Living in Society Social Commentary

Not Much of a Boycott

Geifman Food Store on LocustWord from a friend was to leave discussion of the Solon city council’s minimum wage vote at home when I visit later in the week. It’s nice to know stuff like that in advance.

More than a few locals are upset about the decision to lower the city’s minimum wage to the state figure after the county raised it. Some, including people who live here, have called for a boycott of Solon businesses.

My response is a boycott won’t matter much in our household.

Our main dining out is at Nomi’s Asian Restaurant where we have been going since she and her husband opened. Asian takeout will continue to be on our menu when we don’t want to cook at home. It is too far to drive anywhere else to get it. We only visit bars and eateries in town when there is a specific meet up with people we know, and not many times in a year.

I’ll continue to buy convenience foods at the grocery store. The staples are secured at a variety of other stores for lower prices, better selection, and to meet specific needs. We go to the grocery store more often than we dine out, but not by much.

When I worked in Coralville I bought gasoline at Costco because of the convenience and a slight discount. This business will transfer to Solon, but the impact on the local economy will be almost nil. As everyone knows, margins are slim on retail gasoline sales. At our two Casey’s General Stores the revenue goes directly into whatever bank the Ankeny based corporation uses. Casey’s has the city’s lowest price for a gallon of milk, so when we run out of Costco milk at $2.60 per gallon, I’ll buy at Casey’s for a dollar more.

I visit the hardware store for certain needs. I buy canning supplies there even though they are more expensive. It is the kind of hardware store where a person can take in a bolt or screw and buy more like it — exactly how many are needed. They carry things used in a typical garage: lawn mower spark plugs, clips, fasteners, hand tools, lubricants and sundry items. If a need develops, they will be the first stop because of their inventory. The two women who run the place may or may not be making a wage. They didn’t come to the city council meeting. I suspect they have an opinion, but don’t want to share it publicly. Likewise for every other business owner that didn’t speak at the meeting.

All told, the amount of dollars we spend in the community never amounted to a hill of beans, or any other legume. If I participated in a boycott of local business it would hurt me more than them, increasing the isolation that has become home to us. In any case a boycott is not being organized like others that have been successful. The boycott talk is more fantasy than reality.

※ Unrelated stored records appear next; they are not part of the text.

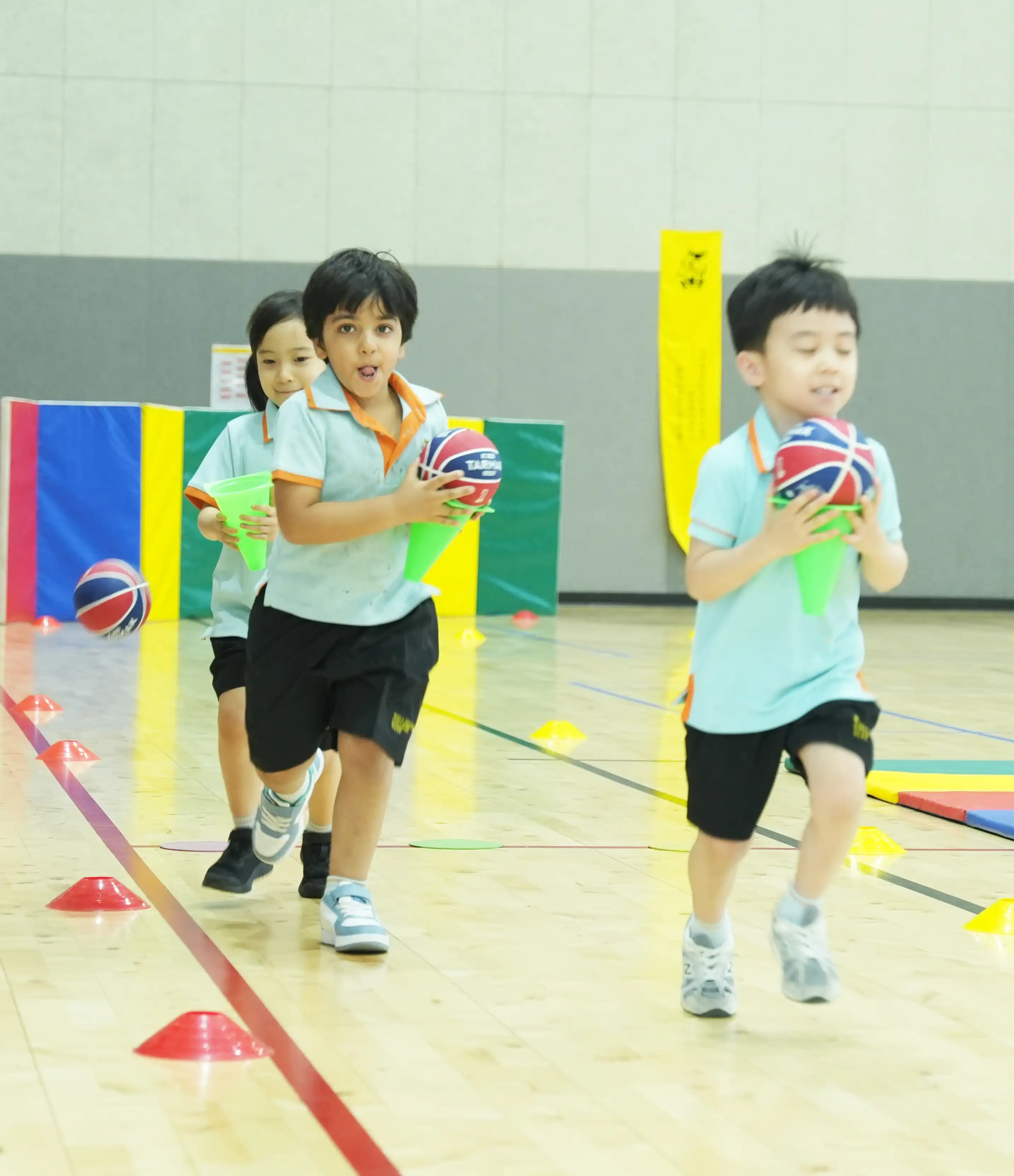 Children participating in pre primary school activities
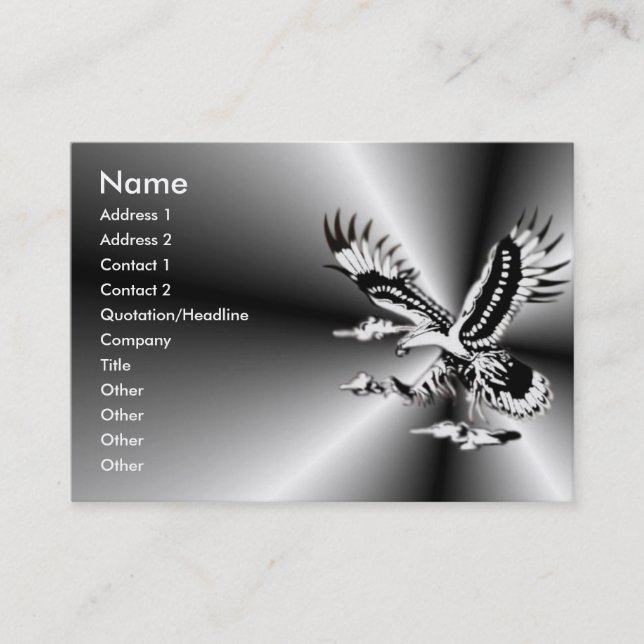 Eagle Profile Card (Front)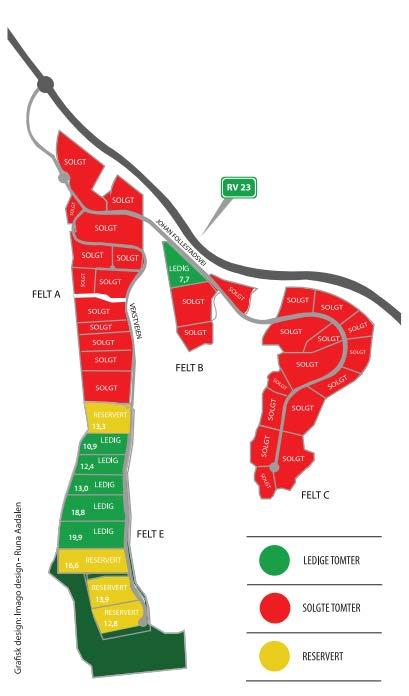 Røyken Næringspark Felt: A,B og C ferdig: 330 000 m2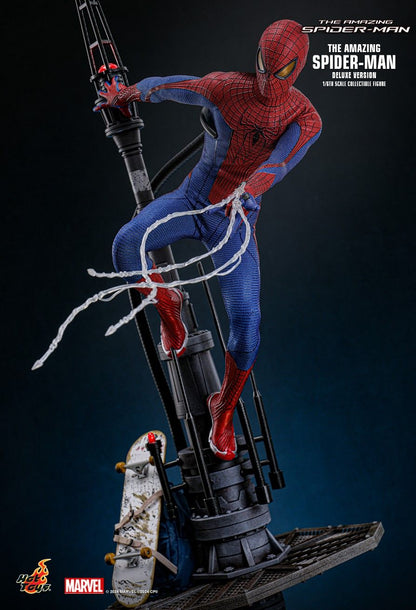 HOT TOYS AMAZING SPIDERMAN 2012 SPIDERMAN 2.0 DELUXE SPECIAL EDITION MMS772B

In 1965 our family boycotted grapes to support the Delano Grape strike. I remember Father explaining who Cesar Chavez was, that grapes were grown mostly in the California Central Valley, and the importance of a fair wage. We weren’t buying them at the Geifman’s Food Store near our house and didn’t for the duration of the boycott. I loved grapes, and still do, but accepted that there was a shared cause that required sacrifice.

There is none of that in the relatively wealthy Solon environs over this issue. If there were, a boycott would be more viable. For now, life goes on much as it did before the city council voted to lower minimum wage.